*Your objective*
Retype the whole listing verbatim and keep the pictures out of it.

*Data segment*
......

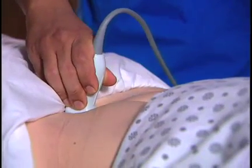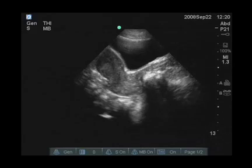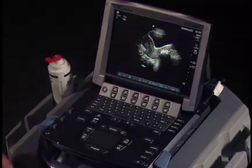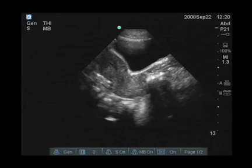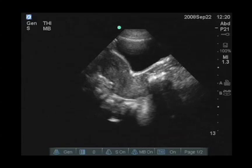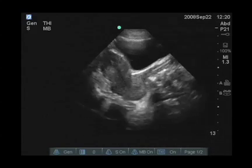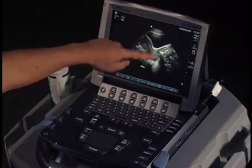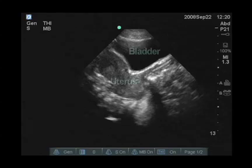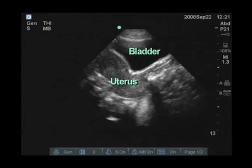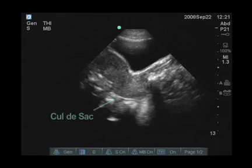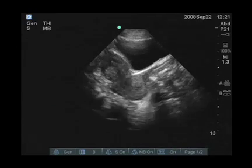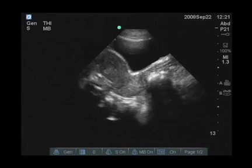We're scanning now sagittally, and some of the anatomic landmarks that we're looking at: at the very top of the screen is the bladder, which is an anechoic structure — fluid filled obviously with urine — it's got nice walls around it. Just below that is the uterus, which is a pear-shaped organ, well visualized because the bladder is full. And just below that is a potential space, the cul-de-sac, where we look carefully for small amounts of free fluid.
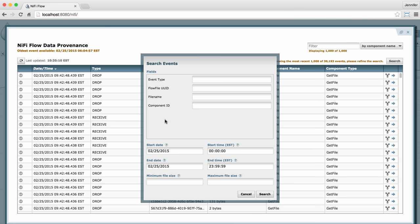In the search events window, they have various criteria they can use to search for what they're looking for. By default, you have event type, flow file UUID, file name, component ID, and you can narrow the search further using the start date and time, end date and time, and file size. This search criteria is customizable and you can talk to your administrator about how to set that up.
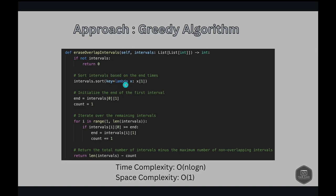We use a lambda function to sort the intervals based on their end times. Then we initialize end to keep track of the end of the first interval. So this is the end time of the first interval. We have count = 1 because we already counted one non-overlapping interval. That's why we set the count to one.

......

*Task solution*
We're scanning now sagittally, and some of the anatomic landmarks that we're looking at: at the very top of the screen is the bladder, which is an anechoic structure — fluid filled obviously with urine — it's got nice walls around it. Just below that is the uterus, which is a pear-shaped organ, well visualized because the bladder is full. And just below that is a potential space, the cul-de-sac, where we look carefully for small amounts of free fluid.
In the search events window, they have various criteria they can use to search for what they're looking for. By default, you have event type, flow file UUID, file name, component ID, and you can narrow the search further using the start date and time, end date and time, and file size. This search criteria is customizable and you can talk to your administrator about how to set that up.
We use a lambda function to sort the intervals based on their end times. Then we initialize end to keep track of the end of the first interval. So this is the end time of the first interval. We have count = 1 because we already counted one non-overlapping interval. That's why we set the count to one.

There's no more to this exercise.